Yoga is one way to stay fit that is completely at par with all the other ancient forms of workout. The majority of the celebrities as well as common folks who are concerned about their health prefer yoga to any other form of fitness exercise. Let\’s take a look at how yoga could help you overcome excessive weight.
Yoga practice, combined with the “green,” organic diet followed by many yogis, seems to burn off weight faster than almost any other weight-loss approach. Unfortunately, busy modern people often find it difficult to follow this “green” diet which is why many modern yogis use supplements. (You can get a FREE bottle of a wonderful organic “green” diet supplement by clicking on the link below.)

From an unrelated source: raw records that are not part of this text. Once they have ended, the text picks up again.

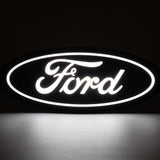 Putco Luminix Light Up LED Grille Emblem for 2015-2020 Ford F-150 - image 10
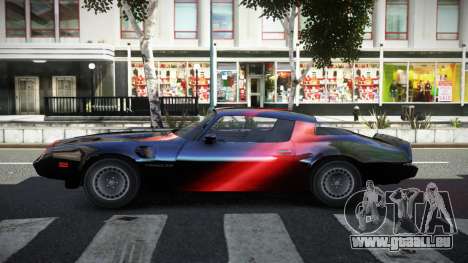 Pontiac Trans Am NPL S8 pour GTA 4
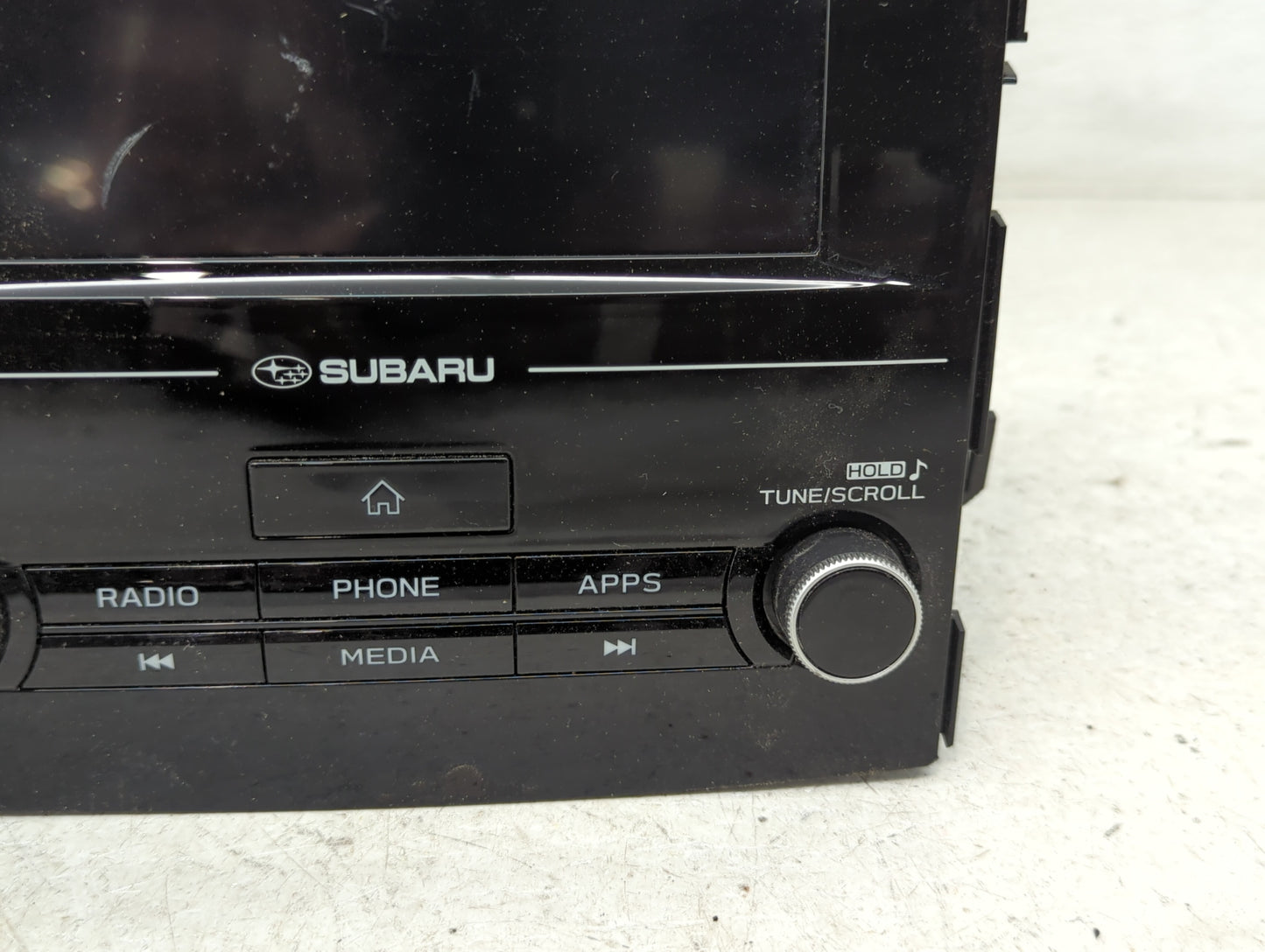 2019 Subaru Impreza Radio AM FM Cd Player Receiver Replacement P/N:86201FL66A Fits OEM Used Auto Parts - Oemusedautoparts1.c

Yogis don’t tend to drink much – which is a good thing, because nothing stands in your way when you want to lose weight like the empty calories found in alcohol. In the West, of course, many people enjoy a glass or two of wine with their meals – and only the most strict of yogis would forbid that. However, if you’re trying to lose weight quickly and easily, try limiting your consumption of alcohol to the weekends. You’ll be amazed how quickly the excess pounds fall away.
The yogic diet is based on the principle of ahimsa, or non-harm. According to this yogic philosophy, eating meat violates this teaching. While milk, cheese and yogurt are permitted, eggs, fish and other animal products are to be avoided. However, it is important to consume adequate amounts of protein and fats, as well as carbohydrates. The main source of protein in the yogic diet comes from dairy, nuts and seeds, and legumes, or dried beans. Beans are especially high in fiber and are filling, while providing adequate protein and calories. Nuts and seeds are also high in protein, as well as healthy fats and oils.
Ayurveda teaches there are three main constitutional types, referred to as doshas. The doshas are kapha, or water; vata, or air; and pitta, or fire. While most individuals have one dosha that tends to be more dominant than the others, excessive weight gain represents an imbalance of the doshas. To achieve permanent weight loss, it is important to first determine your dominant dosha, and follow a diet that is designed specifically for that type. Yoga Journal explains that vata types need more grounding foods, such as whole grains. Kapha types need energizing foods, such as dishes prepared with spices like ginger and cayenne. Pitta types require cooling foods, such as raw salads and sweet fruits.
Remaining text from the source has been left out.